Stored items from a collection
______
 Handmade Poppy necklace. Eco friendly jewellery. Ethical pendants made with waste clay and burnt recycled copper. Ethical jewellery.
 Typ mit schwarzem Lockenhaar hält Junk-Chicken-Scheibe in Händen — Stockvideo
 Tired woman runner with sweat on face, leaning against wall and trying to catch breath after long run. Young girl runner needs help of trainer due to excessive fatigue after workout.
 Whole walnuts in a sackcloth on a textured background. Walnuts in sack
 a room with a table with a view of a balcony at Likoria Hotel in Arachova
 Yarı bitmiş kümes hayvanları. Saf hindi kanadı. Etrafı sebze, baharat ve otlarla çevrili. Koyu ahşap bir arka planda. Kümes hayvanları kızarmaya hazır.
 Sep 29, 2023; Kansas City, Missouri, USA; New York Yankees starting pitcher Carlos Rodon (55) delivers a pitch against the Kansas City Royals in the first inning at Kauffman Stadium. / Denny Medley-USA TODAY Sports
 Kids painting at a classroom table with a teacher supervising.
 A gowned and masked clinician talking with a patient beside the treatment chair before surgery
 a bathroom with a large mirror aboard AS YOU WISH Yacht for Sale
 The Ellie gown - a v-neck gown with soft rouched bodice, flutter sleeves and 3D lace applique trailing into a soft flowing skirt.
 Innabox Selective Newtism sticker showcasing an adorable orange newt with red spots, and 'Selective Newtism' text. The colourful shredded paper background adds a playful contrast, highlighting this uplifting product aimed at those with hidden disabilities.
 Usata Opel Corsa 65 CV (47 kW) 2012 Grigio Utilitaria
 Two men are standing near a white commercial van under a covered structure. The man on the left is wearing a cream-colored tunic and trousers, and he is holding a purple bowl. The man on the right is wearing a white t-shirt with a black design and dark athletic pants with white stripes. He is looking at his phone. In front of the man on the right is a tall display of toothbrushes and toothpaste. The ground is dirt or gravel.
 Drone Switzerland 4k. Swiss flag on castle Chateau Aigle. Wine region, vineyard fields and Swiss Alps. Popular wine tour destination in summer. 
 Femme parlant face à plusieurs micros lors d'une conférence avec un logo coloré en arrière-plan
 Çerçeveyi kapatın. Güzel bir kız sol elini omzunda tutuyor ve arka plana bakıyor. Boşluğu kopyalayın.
______
- **What you need to do**
Look through the entries above and count each line holding "arka"; report the count alone.

- **Exercise output**
2